- Native name: قطعی سراسری اینترنت
- Location: Iran
- Date: 17–18 June 2025
- Target: Iranian Internet users
- Attack type: Internet blackout
- Perpetrators: SNSC, MICT
- Motive: Twelve-Day War

= 2025 Internet blackout in Iran =

In the first week of the Twelve-Day War, Iran shut down the internet nationwide. The Iranian government blocked access to the internet, leading to a 97% fall in internet usage in Iran. This has led to Iranians being disconnected from the outside world. According to cybersecurity expert Amir Rashidi, the internet is viewed as "an enemy" by the Iranian government which seeks to "control and suppress it".

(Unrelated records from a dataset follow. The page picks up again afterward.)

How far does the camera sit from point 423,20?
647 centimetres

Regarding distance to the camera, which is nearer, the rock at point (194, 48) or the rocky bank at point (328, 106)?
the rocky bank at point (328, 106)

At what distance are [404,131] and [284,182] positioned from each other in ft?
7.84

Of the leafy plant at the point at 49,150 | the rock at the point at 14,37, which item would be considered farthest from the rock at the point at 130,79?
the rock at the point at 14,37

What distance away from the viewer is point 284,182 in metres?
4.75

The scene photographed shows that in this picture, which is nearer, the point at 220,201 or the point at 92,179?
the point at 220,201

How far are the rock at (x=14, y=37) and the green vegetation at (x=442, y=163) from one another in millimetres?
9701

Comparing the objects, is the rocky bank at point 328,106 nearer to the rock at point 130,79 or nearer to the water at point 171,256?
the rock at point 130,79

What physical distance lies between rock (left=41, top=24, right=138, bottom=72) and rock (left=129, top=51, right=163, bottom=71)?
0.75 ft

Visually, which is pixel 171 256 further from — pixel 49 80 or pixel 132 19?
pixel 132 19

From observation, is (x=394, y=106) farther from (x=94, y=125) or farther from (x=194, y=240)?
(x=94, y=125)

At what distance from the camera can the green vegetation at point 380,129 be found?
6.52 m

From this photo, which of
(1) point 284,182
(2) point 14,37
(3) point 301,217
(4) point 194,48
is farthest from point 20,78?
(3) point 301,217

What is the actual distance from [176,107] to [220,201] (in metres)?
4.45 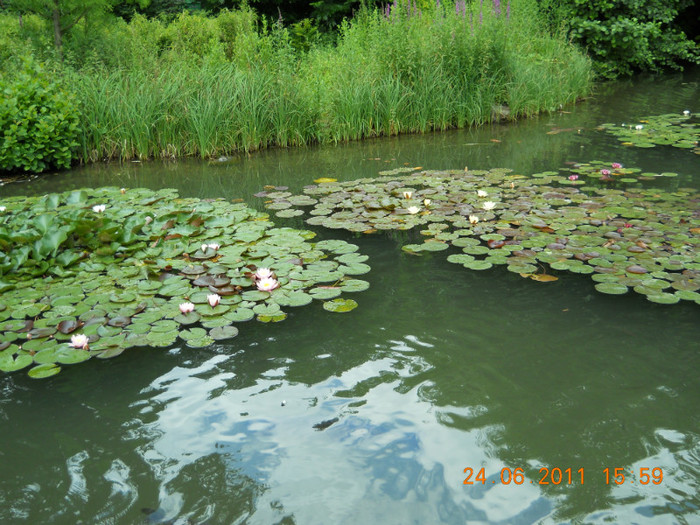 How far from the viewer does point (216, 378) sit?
2336 mm

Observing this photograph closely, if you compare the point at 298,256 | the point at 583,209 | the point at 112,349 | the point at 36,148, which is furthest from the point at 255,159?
the point at 112,349

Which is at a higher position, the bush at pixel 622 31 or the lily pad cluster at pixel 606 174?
the bush at pixel 622 31

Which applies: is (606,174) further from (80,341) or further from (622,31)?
(622,31)

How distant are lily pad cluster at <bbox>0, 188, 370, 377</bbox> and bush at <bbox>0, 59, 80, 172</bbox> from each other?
1684 mm

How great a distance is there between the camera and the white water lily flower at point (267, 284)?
295 centimetres

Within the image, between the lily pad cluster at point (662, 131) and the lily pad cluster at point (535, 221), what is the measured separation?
3.47ft

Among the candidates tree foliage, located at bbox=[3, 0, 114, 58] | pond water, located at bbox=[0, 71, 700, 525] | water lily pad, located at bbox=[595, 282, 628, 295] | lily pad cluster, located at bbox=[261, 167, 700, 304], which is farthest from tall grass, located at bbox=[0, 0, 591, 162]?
water lily pad, located at bbox=[595, 282, 628, 295]

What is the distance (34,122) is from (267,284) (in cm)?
395

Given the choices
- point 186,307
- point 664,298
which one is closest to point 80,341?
point 186,307

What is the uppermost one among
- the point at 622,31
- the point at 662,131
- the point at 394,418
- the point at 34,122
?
the point at 622,31

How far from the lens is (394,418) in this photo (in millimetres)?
2059

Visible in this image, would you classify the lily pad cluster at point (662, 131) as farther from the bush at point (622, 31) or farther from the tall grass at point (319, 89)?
the bush at point (622, 31)

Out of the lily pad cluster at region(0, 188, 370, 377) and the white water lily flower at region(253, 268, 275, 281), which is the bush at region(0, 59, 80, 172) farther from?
the white water lily flower at region(253, 268, 275, 281)

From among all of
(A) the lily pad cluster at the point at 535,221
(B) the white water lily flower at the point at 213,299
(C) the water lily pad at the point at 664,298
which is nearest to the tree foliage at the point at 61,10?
(A) the lily pad cluster at the point at 535,221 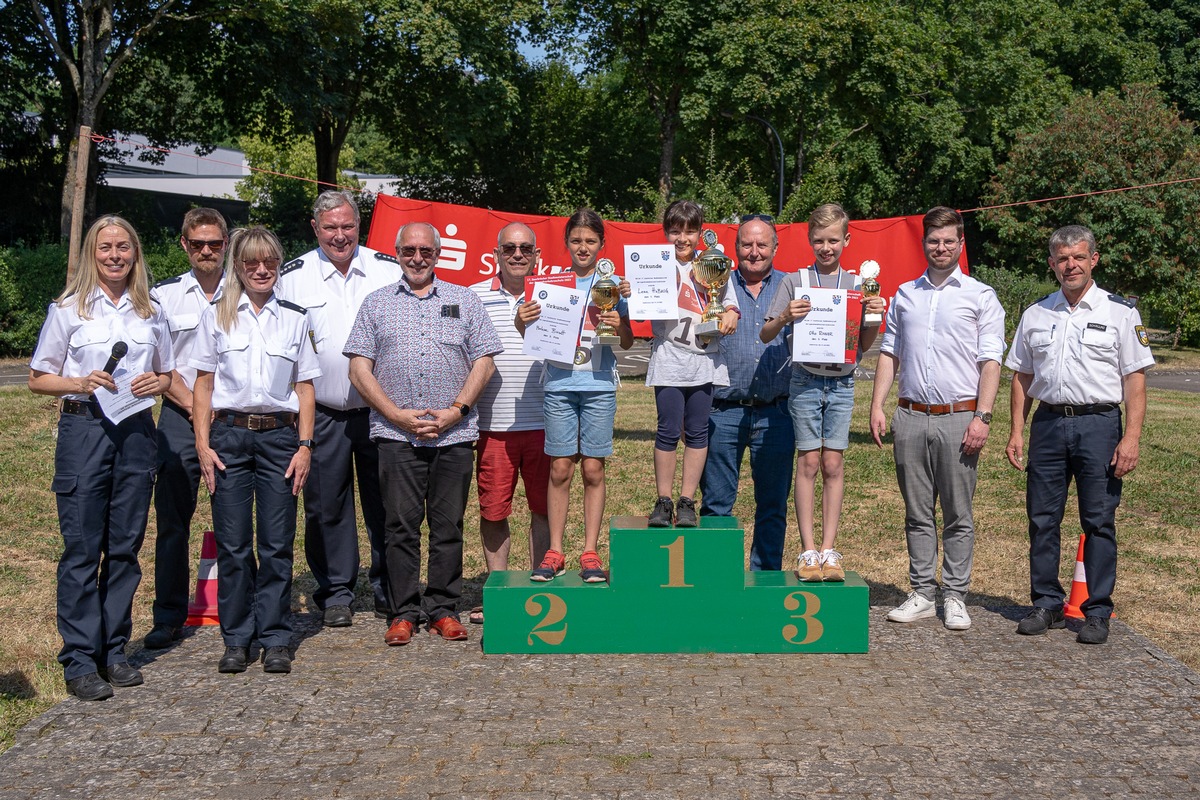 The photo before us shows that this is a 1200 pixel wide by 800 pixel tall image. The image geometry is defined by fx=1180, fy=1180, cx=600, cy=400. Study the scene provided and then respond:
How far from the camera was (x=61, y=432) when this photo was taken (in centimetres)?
537

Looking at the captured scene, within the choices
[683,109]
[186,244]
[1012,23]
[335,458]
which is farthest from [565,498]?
[1012,23]

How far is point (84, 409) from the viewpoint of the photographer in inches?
211

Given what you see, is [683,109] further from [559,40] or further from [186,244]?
[186,244]

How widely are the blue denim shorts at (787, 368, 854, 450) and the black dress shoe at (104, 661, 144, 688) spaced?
353 centimetres

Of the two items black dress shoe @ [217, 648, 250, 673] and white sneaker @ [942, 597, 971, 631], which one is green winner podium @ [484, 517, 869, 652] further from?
black dress shoe @ [217, 648, 250, 673]

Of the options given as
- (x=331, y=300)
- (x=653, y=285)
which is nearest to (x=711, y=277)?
(x=653, y=285)

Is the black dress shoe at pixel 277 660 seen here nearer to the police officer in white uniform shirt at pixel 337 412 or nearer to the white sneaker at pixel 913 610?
the police officer in white uniform shirt at pixel 337 412

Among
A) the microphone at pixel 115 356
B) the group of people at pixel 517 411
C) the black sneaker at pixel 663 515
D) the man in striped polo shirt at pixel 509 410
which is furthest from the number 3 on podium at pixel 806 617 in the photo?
the microphone at pixel 115 356

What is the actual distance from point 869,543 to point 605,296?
3.82 meters

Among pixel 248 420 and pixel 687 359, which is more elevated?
pixel 687 359

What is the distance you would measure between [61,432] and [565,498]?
2526mm

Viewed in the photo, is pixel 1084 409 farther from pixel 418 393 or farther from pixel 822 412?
pixel 418 393

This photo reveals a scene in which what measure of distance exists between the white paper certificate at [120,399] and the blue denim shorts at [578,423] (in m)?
2.02

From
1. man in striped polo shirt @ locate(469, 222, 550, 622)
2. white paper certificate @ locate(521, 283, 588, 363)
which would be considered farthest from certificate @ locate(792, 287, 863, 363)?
man in striped polo shirt @ locate(469, 222, 550, 622) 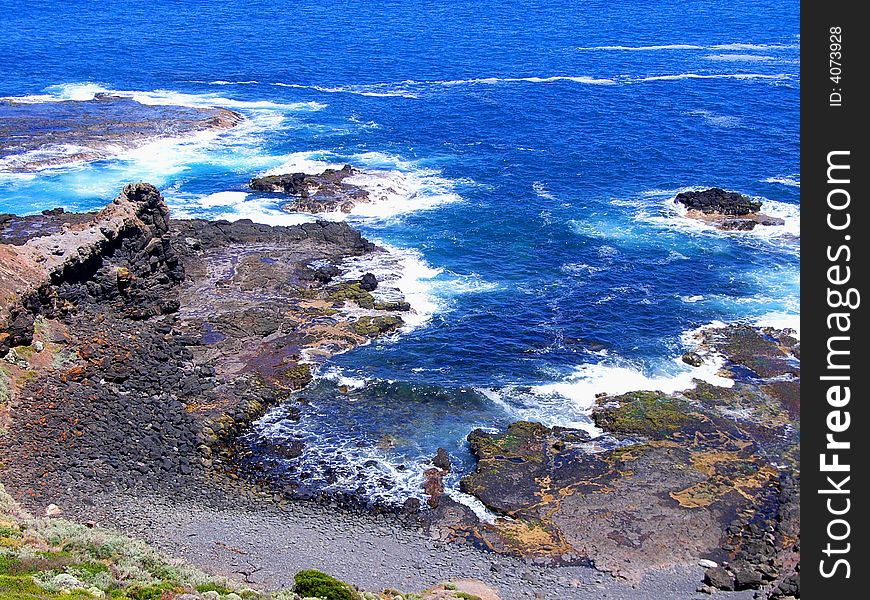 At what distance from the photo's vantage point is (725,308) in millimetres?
79188

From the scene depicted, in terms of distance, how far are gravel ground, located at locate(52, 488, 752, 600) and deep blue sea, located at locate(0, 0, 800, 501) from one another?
14.6 ft

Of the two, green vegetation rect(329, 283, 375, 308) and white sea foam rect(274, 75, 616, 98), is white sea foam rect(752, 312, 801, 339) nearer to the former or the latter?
green vegetation rect(329, 283, 375, 308)

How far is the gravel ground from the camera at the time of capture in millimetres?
47656

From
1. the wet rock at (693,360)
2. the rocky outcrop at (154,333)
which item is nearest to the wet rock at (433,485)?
the rocky outcrop at (154,333)

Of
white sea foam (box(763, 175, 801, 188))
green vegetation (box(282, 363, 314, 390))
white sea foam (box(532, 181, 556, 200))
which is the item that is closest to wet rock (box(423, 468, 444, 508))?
green vegetation (box(282, 363, 314, 390))

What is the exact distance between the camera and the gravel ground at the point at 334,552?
156 feet

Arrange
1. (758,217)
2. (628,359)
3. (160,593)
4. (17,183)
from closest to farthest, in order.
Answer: (160,593) → (628,359) → (758,217) → (17,183)

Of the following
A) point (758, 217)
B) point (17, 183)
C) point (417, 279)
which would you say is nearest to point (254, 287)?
point (417, 279)

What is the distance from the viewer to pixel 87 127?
414ft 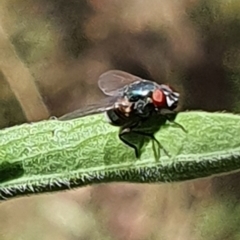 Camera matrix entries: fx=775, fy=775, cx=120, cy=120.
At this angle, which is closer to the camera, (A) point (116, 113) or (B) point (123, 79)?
(A) point (116, 113)

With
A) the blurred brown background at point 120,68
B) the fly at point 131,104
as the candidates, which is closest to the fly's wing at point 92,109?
the fly at point 131,104

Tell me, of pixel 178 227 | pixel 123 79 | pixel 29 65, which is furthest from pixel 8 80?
pixel 123 79

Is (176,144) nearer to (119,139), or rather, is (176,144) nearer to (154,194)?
(119,139)

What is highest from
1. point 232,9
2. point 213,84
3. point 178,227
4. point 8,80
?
point 8,80

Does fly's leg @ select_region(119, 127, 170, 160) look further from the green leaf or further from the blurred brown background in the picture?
the blurred brown background

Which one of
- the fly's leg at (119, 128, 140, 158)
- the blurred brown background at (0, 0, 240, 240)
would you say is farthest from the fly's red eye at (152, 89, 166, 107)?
the blurred brown background at (0, 0, 240, 240)

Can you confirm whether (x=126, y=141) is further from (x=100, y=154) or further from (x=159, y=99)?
(x=159, y=99)

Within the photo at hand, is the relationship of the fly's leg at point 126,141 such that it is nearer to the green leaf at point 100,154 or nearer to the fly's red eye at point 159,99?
the green leaf at point 100,154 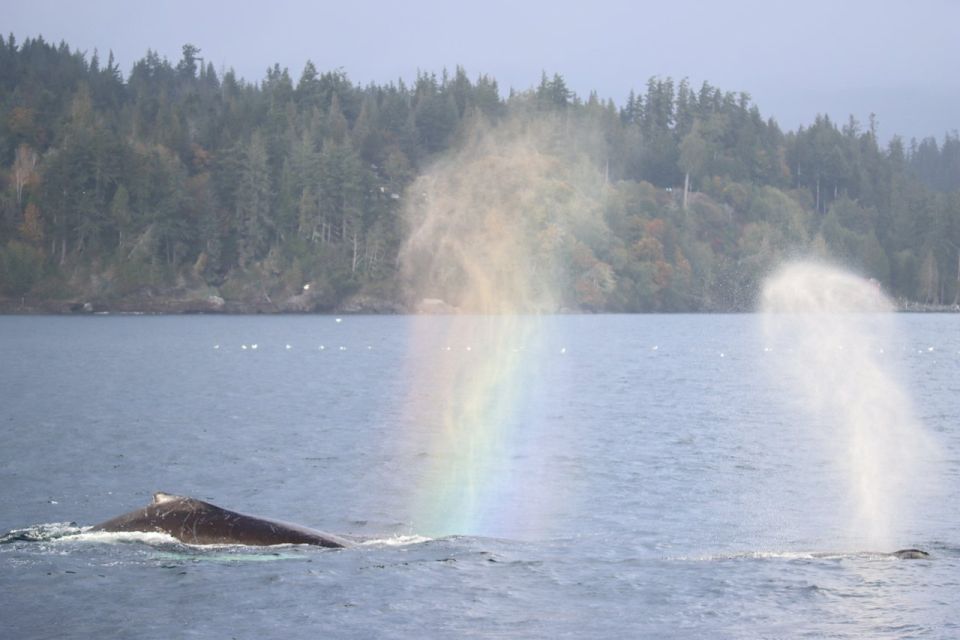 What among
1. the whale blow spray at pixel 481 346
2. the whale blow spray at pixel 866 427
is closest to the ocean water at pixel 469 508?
the whale blow spray at pixel 481 346

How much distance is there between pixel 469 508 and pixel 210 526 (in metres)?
8.01

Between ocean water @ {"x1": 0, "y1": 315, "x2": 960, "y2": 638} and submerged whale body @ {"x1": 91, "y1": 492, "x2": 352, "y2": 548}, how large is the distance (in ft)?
1.08

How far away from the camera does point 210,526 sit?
23656 millimetres

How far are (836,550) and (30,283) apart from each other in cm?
15900

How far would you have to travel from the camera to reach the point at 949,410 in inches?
2167

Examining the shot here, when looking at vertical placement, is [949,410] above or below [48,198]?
below

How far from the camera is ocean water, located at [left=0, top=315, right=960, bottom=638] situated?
19547 millimetres

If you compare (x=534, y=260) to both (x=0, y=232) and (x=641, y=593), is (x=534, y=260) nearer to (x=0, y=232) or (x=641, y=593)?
(x=0, y=232)

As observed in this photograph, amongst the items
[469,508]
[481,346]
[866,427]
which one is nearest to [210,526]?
[469,508]

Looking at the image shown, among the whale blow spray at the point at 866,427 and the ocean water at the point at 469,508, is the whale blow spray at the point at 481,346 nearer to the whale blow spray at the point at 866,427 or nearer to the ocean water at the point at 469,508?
the ocean water at the point at 469,508

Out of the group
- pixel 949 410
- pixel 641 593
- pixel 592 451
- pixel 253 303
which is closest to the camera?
pixel 641 593

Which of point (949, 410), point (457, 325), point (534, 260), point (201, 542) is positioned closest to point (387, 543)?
point (201, 542)

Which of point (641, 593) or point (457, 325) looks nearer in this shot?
point (641, 593)

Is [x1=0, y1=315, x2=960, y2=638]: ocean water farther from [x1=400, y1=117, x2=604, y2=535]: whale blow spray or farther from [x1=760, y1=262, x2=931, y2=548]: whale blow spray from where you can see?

Iran has historically blocked the internet to suppress protests, having done so In 2019 as well as 2022. From 2022 to 2024, Iran also banned WhatsApp and Google Play during the Mahsa Amini protests. The censorship of internet has been used by Iran to suppress dissent, protests and the Iranian opposition. Iranian blockage of the internet has historically brought about "huge" economic costs.

The Iranian government has urged Iranian citizens to block WhatsApp, claiming that it was Israeli spyware, a claim that WhatsApp denied. Additionally, social media access was blocked.

== History and reasoning ==
In 2019, Iran imposed an Internet blackout. From 2022 to 2024, the Iranian government banned WhatsApp and Google Play during the Mahsa Amini protests.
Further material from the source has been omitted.